This blog will focus on point 2 “SQL execution statistics”, because of i mostly use this approach for trouble shooting SQL execution plans in a SAP environment (especially in OLTP systems). I usually trace the SQL bind variables by transaction ST05 and rebuild that particular SQL in SQL*Plus afterwards. This is the easiest way (for me) to identify and fix the problem in most cases.
The following example will focus on the cardinality estimation (= amount of returned rows) only, because of the execution statistics provide a lot of more information, which would overcharge this blog. If you are interested into any other metrics of the “extended” execution statistics, please let me know and i can focus on that in one of my next blogs.
The example
Let’s start with the previous example (but with more rows) once again.The demos are run on an Oracle 11.2.0.3 database.

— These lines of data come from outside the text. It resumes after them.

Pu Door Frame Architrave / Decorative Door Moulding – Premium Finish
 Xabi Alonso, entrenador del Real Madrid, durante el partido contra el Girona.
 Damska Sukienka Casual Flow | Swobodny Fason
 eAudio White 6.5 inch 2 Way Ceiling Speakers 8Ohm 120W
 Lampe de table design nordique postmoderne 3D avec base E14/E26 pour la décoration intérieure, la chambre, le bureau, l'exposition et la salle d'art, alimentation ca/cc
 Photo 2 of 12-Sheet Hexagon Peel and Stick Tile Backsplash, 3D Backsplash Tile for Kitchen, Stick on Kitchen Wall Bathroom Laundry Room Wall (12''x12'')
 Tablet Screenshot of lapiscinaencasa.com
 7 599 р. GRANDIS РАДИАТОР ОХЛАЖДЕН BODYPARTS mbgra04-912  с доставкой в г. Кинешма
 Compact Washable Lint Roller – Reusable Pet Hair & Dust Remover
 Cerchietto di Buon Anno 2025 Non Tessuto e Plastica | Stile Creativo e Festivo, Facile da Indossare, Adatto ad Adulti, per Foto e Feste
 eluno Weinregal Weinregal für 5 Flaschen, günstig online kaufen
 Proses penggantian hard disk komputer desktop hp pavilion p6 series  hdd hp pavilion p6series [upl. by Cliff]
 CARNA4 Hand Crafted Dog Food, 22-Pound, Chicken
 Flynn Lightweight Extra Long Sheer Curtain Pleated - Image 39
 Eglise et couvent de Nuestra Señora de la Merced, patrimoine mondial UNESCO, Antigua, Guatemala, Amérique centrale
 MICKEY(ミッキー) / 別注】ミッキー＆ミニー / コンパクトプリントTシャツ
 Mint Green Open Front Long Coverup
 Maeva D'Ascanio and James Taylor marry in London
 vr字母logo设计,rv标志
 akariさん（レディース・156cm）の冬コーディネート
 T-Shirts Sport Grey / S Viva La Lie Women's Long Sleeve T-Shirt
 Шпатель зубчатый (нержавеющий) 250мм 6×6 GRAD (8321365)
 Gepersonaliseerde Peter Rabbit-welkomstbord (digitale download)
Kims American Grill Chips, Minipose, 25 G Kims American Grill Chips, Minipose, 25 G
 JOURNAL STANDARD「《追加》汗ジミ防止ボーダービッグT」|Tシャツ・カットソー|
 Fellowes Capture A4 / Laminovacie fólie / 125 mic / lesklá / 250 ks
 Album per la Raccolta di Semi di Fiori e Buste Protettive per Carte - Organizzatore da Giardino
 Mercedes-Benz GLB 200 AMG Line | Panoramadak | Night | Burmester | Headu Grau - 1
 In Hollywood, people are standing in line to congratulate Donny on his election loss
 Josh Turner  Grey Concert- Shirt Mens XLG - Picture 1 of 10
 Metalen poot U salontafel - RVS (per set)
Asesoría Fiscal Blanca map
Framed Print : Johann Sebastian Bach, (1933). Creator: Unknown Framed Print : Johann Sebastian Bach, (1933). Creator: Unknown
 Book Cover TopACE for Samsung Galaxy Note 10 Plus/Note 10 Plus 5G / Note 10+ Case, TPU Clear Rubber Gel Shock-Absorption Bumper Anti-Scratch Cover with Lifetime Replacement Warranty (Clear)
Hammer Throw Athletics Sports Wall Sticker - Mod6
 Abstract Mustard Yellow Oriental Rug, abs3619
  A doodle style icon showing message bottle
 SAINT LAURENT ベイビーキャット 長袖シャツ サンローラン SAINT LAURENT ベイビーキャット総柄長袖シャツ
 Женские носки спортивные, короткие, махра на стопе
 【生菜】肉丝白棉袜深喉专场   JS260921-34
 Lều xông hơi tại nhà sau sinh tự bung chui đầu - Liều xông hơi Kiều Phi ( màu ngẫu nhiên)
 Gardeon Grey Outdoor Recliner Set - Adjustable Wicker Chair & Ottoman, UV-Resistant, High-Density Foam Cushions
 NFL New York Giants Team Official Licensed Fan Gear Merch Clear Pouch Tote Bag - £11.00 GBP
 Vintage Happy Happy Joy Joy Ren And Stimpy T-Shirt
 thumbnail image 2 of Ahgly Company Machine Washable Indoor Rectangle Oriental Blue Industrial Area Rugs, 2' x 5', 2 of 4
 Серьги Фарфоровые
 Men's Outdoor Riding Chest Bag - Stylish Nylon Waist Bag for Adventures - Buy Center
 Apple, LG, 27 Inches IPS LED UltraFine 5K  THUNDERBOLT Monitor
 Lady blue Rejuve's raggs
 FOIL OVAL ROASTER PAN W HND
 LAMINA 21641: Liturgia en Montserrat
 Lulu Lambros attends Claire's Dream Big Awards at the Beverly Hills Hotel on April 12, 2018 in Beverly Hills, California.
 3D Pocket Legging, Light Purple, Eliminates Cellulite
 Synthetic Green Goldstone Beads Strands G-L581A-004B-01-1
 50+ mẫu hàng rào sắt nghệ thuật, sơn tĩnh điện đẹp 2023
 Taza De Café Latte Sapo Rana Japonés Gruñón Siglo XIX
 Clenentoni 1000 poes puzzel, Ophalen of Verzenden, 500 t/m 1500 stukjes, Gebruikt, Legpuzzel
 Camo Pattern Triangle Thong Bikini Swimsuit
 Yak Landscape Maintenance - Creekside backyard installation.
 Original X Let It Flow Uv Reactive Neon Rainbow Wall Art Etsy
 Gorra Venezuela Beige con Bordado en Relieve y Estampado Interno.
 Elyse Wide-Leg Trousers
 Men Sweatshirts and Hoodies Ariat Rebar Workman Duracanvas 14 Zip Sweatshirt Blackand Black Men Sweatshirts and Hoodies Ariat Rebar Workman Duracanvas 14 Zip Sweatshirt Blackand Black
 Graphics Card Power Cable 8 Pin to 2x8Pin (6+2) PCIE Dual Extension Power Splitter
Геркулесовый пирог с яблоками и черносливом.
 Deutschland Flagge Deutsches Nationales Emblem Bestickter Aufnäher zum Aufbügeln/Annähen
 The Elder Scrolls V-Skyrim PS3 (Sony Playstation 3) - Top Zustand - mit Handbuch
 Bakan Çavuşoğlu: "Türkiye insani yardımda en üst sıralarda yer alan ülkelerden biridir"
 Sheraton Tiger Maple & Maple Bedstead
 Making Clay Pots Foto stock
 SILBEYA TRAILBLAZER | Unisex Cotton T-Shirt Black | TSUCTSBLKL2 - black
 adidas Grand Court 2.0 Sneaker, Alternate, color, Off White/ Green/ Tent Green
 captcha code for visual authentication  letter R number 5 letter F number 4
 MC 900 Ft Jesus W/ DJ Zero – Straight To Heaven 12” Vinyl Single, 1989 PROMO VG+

SQL> create table ZTEST as select trunc(dbms_random.value(1,6)) col
from dba_objects where rownum <=1000;
SQL> exec dbms_stats.gather_table_stats(NULL,'ZTEST');
SQL> var val1 number;
SQL> var val2 number;
SQL> var val3 number;
SQL> exec :val1 := 1;
SQL> exec :val2 := 1;
SQL> exec :val3 := 1;
SQL> alter session set "_optim_peek_user_binds"=FALSE;
SQL> select col from ZTEST where col in(:val1,:val2,:val3);
SQL> select * from table (DBMS_XPLAN.DISPLAY_CURSOR(NULL,NULL,'ALL ALLSTATS OUTLINE PEEKED_BINDS LAST'));
In this simple example we know that the estimation of rows (E-Rows) is way off, because of we only have round about 200 rows for column value 1. Please read my first blog of this series first, if you don’t know how we come to this conclusion.
But we want a proof of our calculation in the execution plan too. So we run this SQL with extended SQL execution statistics now. I will use the gather_plan_statistics hint, but you can also set the init parameter parameter statistics_level to ALL and run the SQL.
SQL> select /*+ gather_plan_statistics */ col from ZTEST where col in(:val1,:val2,:val3);
SQL> select * from table (DBMS_XPLAN.DISPLAY_CURSOR(NULL,NULL,'ALL ALLSTATS OUTLINE PEEKED_BINDS LAST'));
Do you see all that new columns like A-Rows, A-Time, Buffers and Reads in the execution plan?
The amount of additional information depends on the kind of query (and executed work). But let’s focus on our simple example here …
A-Rows is the amount of rows, that is returned by this execution plan step in real world. As you can see the “real amount of processed data” is round about 200 rows like we have calculated before. So the optimizer is way off here and we should investigate this part of the execution plan, if the performance problem is caused by that incorrect estimation (which can lead to a wrong join method or join order for example).
A-Time is the time, that is needed for the execution of this plan step in real world.
Buffers is the amount of logical I/O, that is performed by this execution plan step in real world.
Reads is the amount of physical I/O, that is performed by this execution plan step in real world.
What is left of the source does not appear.